*** Block opens ***

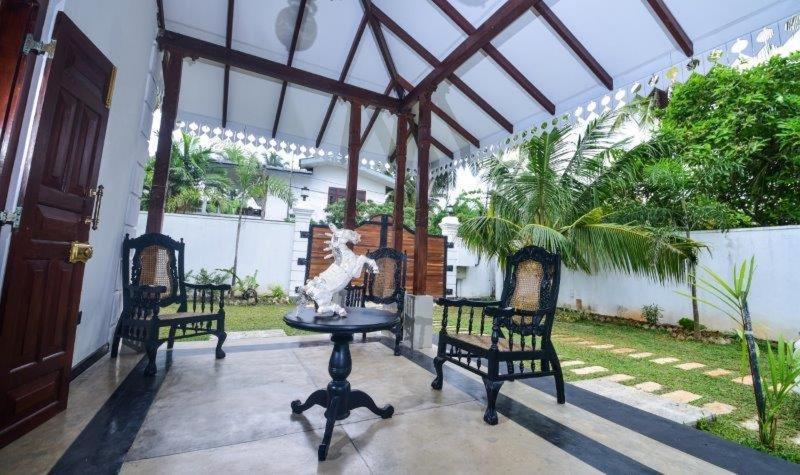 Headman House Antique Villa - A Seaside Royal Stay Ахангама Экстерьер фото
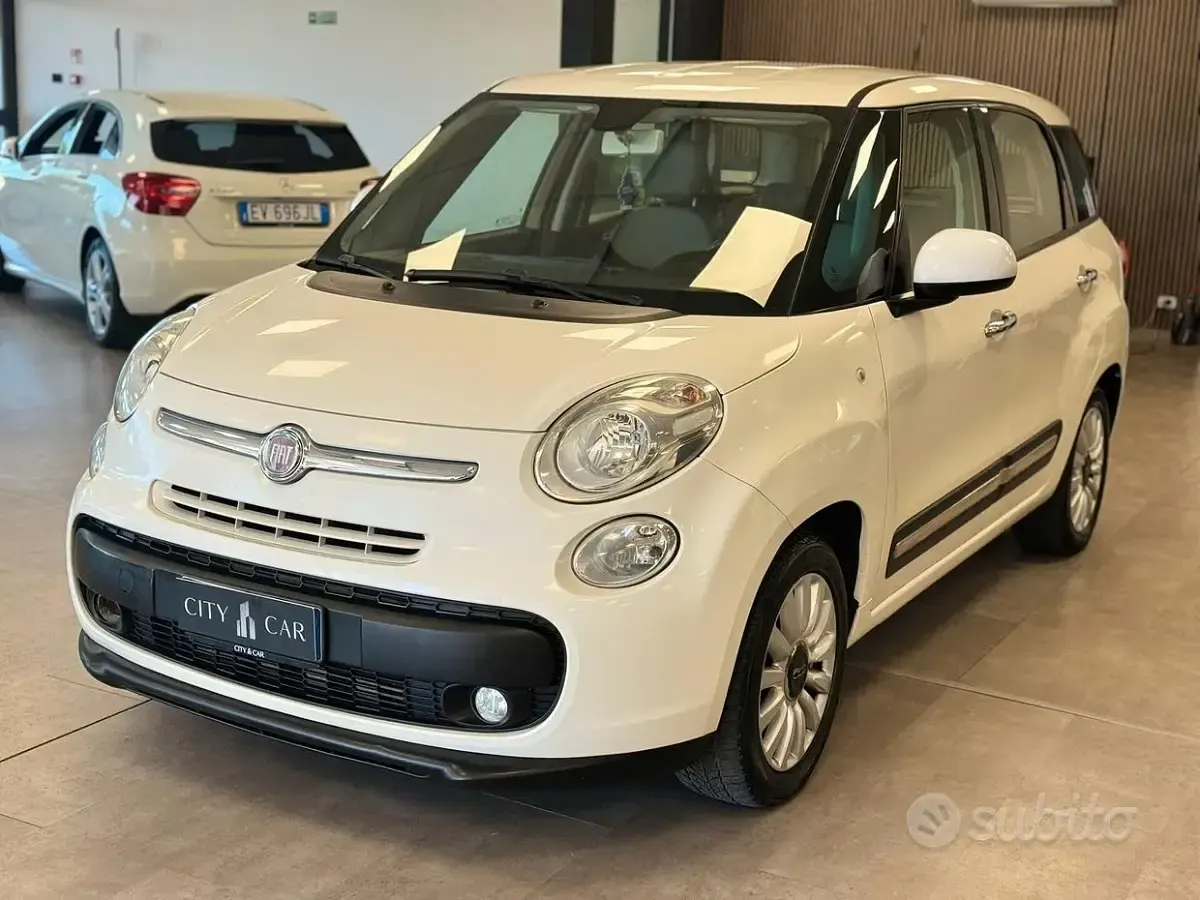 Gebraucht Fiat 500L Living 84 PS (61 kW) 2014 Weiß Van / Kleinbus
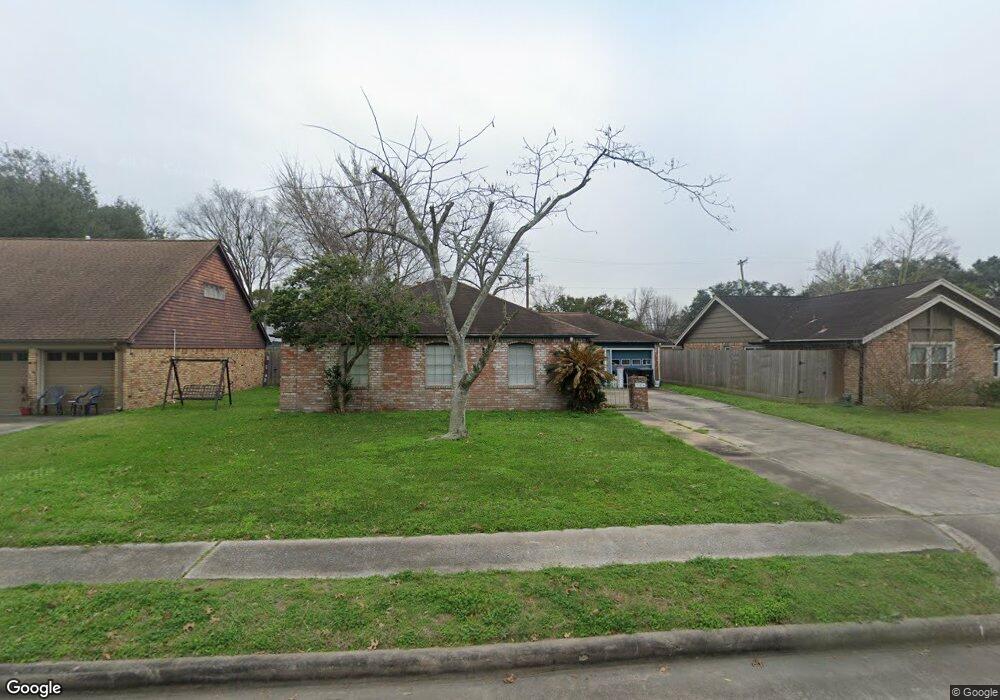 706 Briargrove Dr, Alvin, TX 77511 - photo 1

*** Block closes ***

* **What you will do**
Exclude every picture, then reproduce the remaining data character for character.

* **Answer**
 Headman House Antique Villa - A Seaside Royal Stay Ахангама Экстерьер фото
 Gebraucht Fiat 500L Living 84 PS (61 kW) 2014 Weiß Van / Kleinbus
 706 Briargrove Dr, Alvin, TX 77511 - photo 1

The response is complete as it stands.